Also, I heard it said somewhere that people are able to miss their vocation in life, and if they do miss it, they will never live up to the potential that they were created for. I'm very scared that this means that I messed up by getting married and that now I'm only operating at like 70% or something, that's how it makes me feel. Is God dissatisfied with me because I didn't choose the greater part? I know He loves me always, but I feel like maybe I messed up and disappointed Him and now there's no way for me to make it right?

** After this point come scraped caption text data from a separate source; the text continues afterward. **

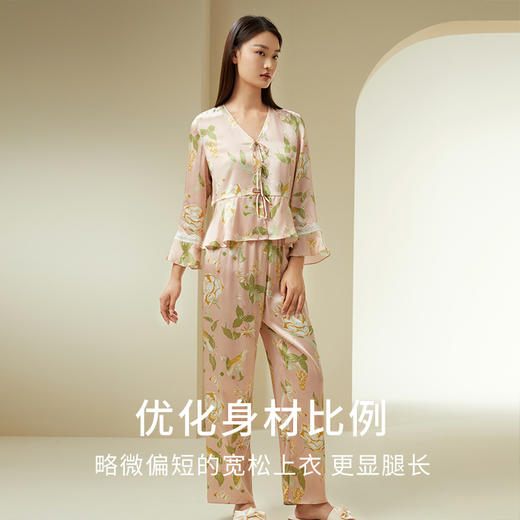 山茶漫漫】100%桑蚕丝女真丝睡衣印花衣裤套荷叶边睡衣套家居服金三塔新品  YSFDC203 商品图2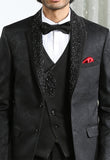 Black jacquard designer suit with Embroidery on satin lapel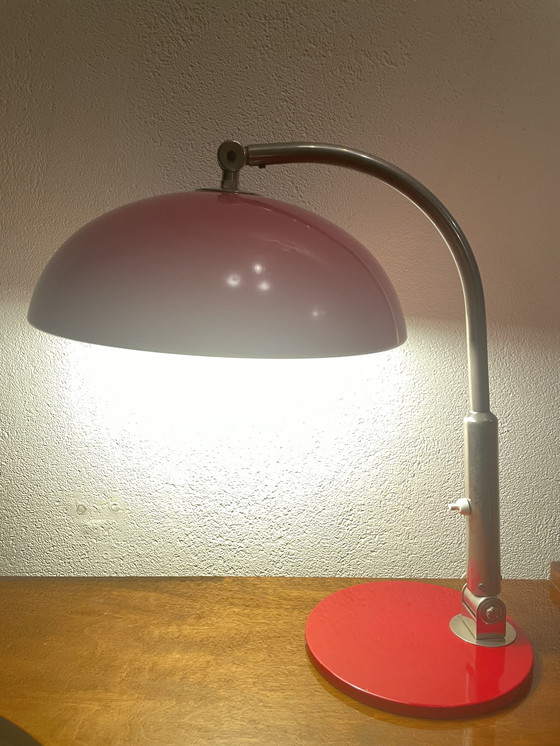 Image 1 of Red Adjustable Table Lamp, Model 144 By Herman Busquet For Hala Zeist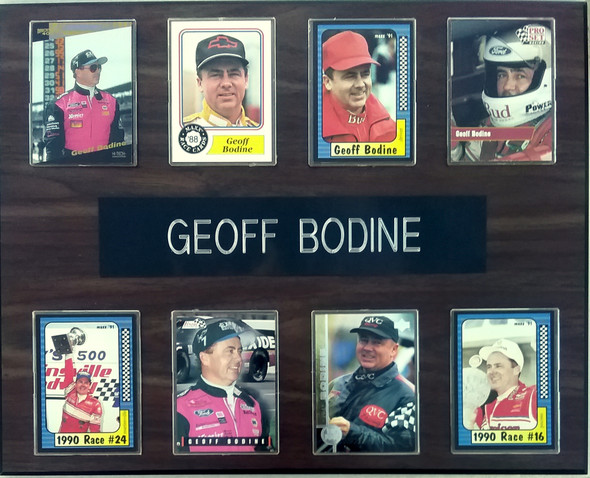 Geoff Bodine NASCAR 8-Card 12x15 Cherry-Finished Plaque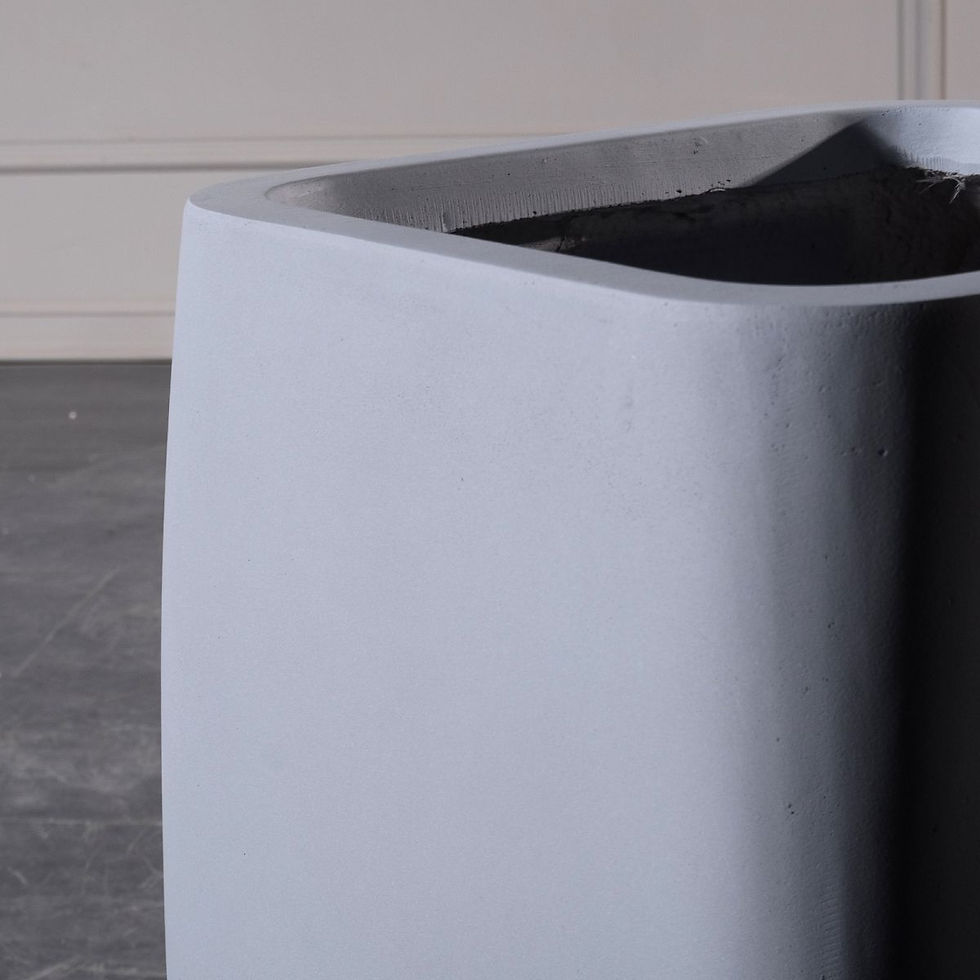 Thumbnail: Fiberclay Planter Vertical "Regal" Grey S 21x21x26 cm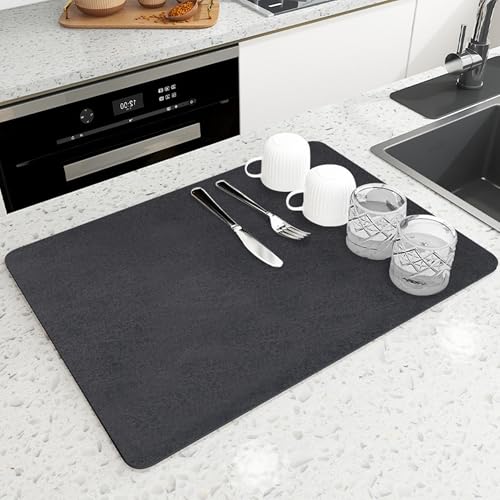 Saugfähige Abtropfmatte für die Küche, rutschfeste Abtropfmatte für Kaffeemaschine, Bar, Arbeitsplatte, Spüle, Thekenschutz, Abtropfmatte, schnell trocknendes Geschirr-Pad (60 x 40 cm, Stil 5) von XIEMINLE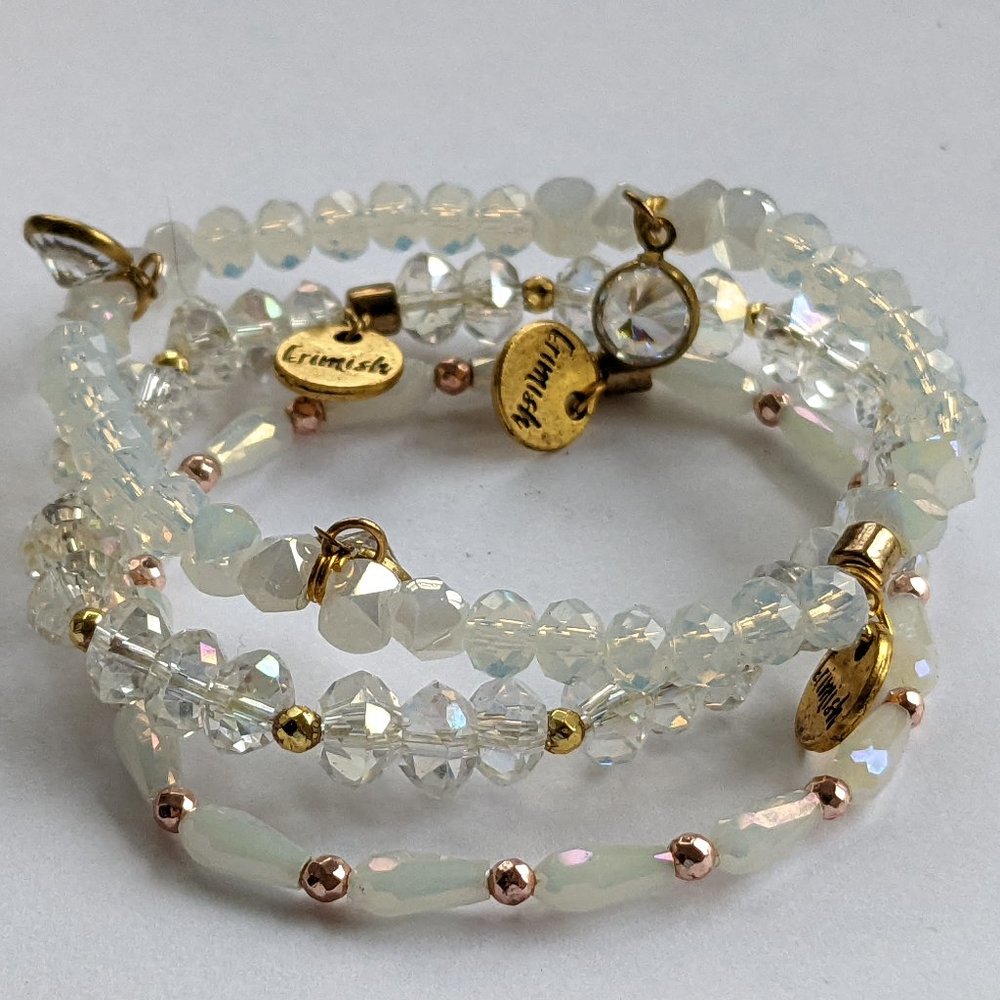 Erimish Stack of Three Iridescent Trendy Bracelets
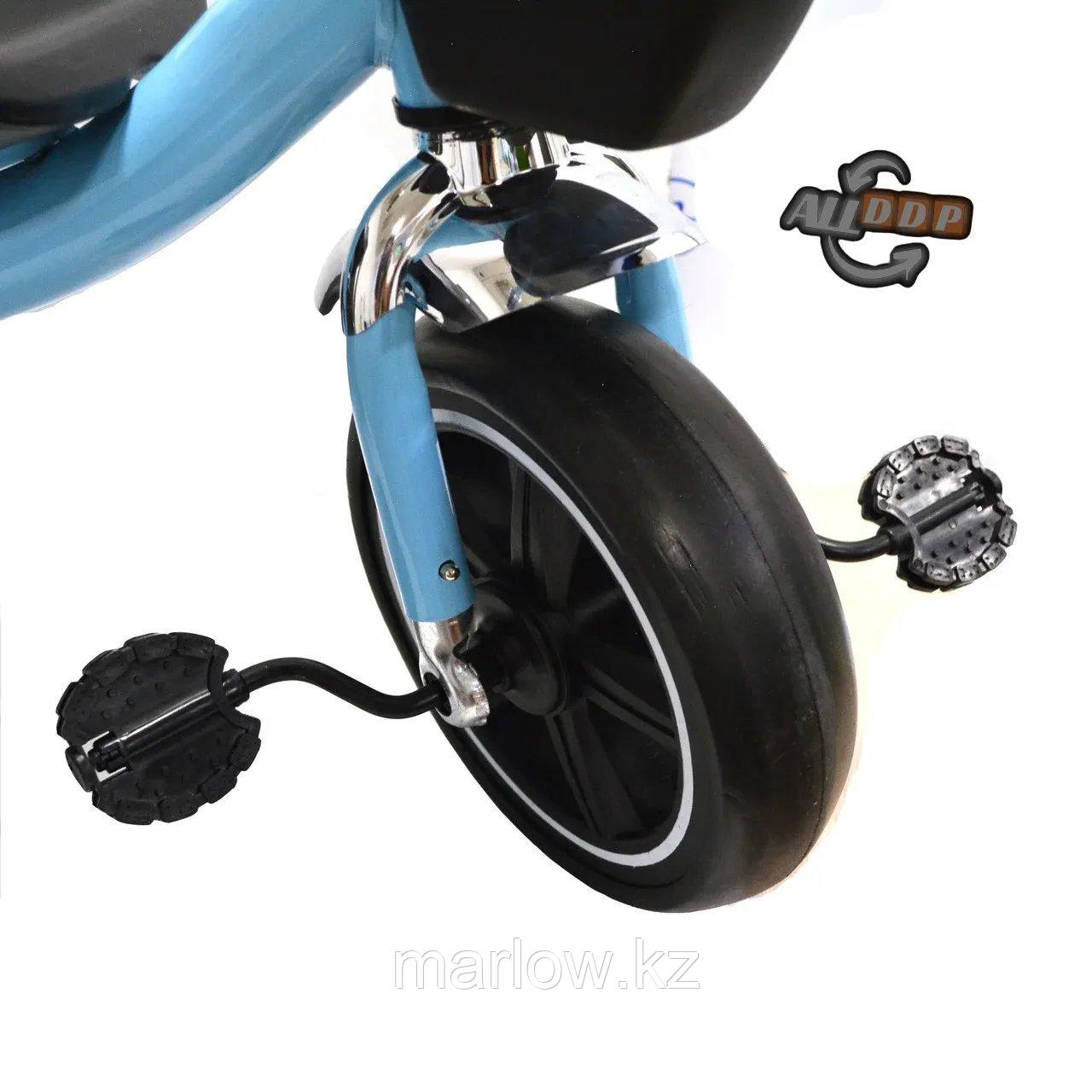 Трехколесный детский велосипед с Led фонариком и музыкальными эффектами с корзинками голубой - фото 7 - id-p111425388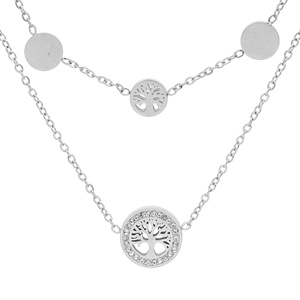 Collier en acier 2 rangs avec pastilles avec arbre de vie 40+5cm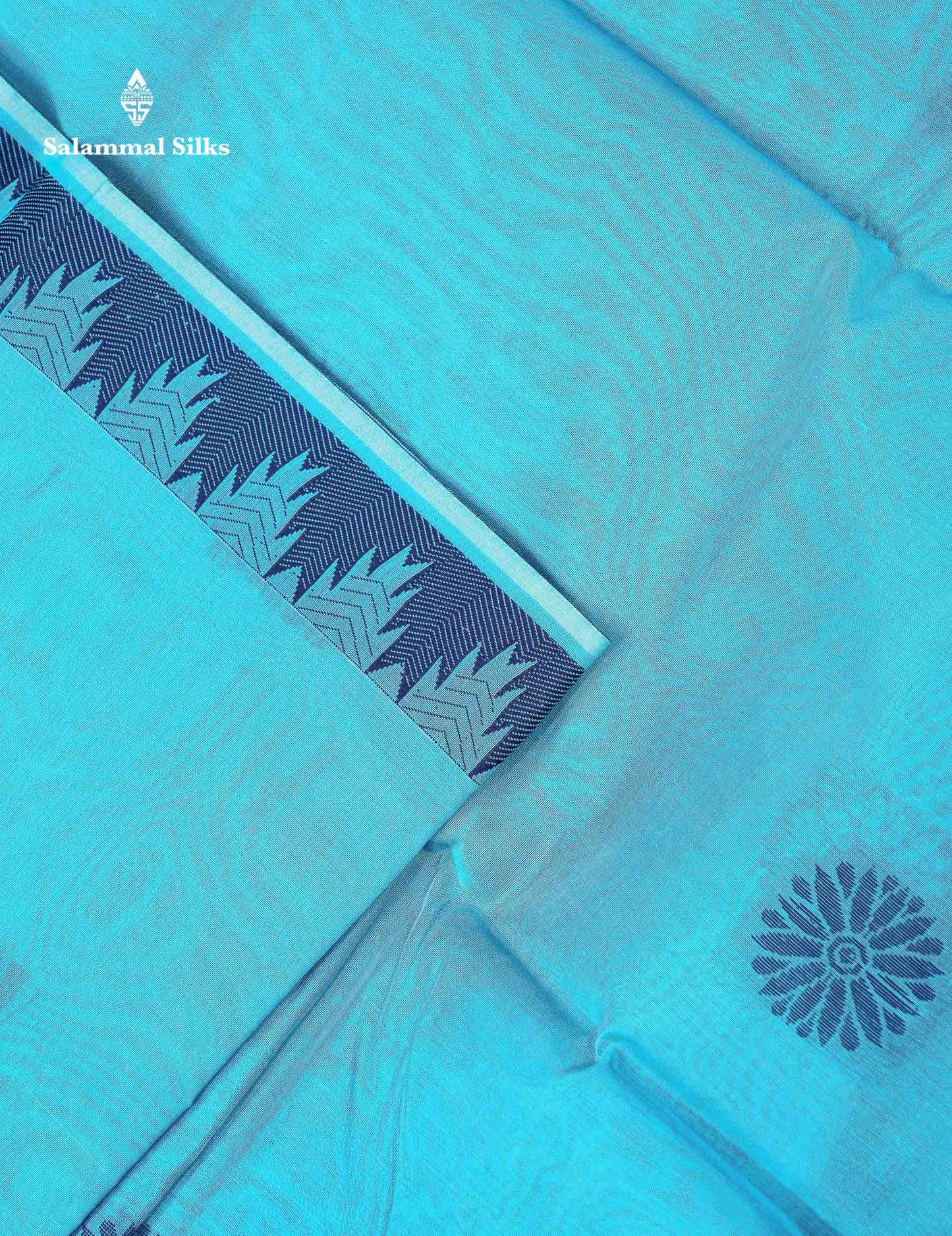 Beautiful Peach Pink Thread Work Kota Cotton Saree With Contrast Dual Tone Blue Traditional Border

Again, I'm not unhappy overall, I love my husband, he's a good man, I'm looking forward to having children and raising them. I'm looking to Zelie Martin as my example. I'm just having trouble putting my disappointment to rest, like I settled for second best and now I'm stuck with it? I mean, St. Faustina writes that the souls of the religious are like the moon compared to the stars. Did I miss my chance to shine like the moon because I failed to become a nun?

Edit: It's been a while since I've been to these forums and I was looking over some old posts. Someone gave me a rather eloquent reply to at least part of this question before here: forums.catholic.com/showpost.php?p=8091607&postcount=33

But I still can't shake that feeling of inferiority/lost opportunity.

[/quote]

I can relate to what you have written so very much.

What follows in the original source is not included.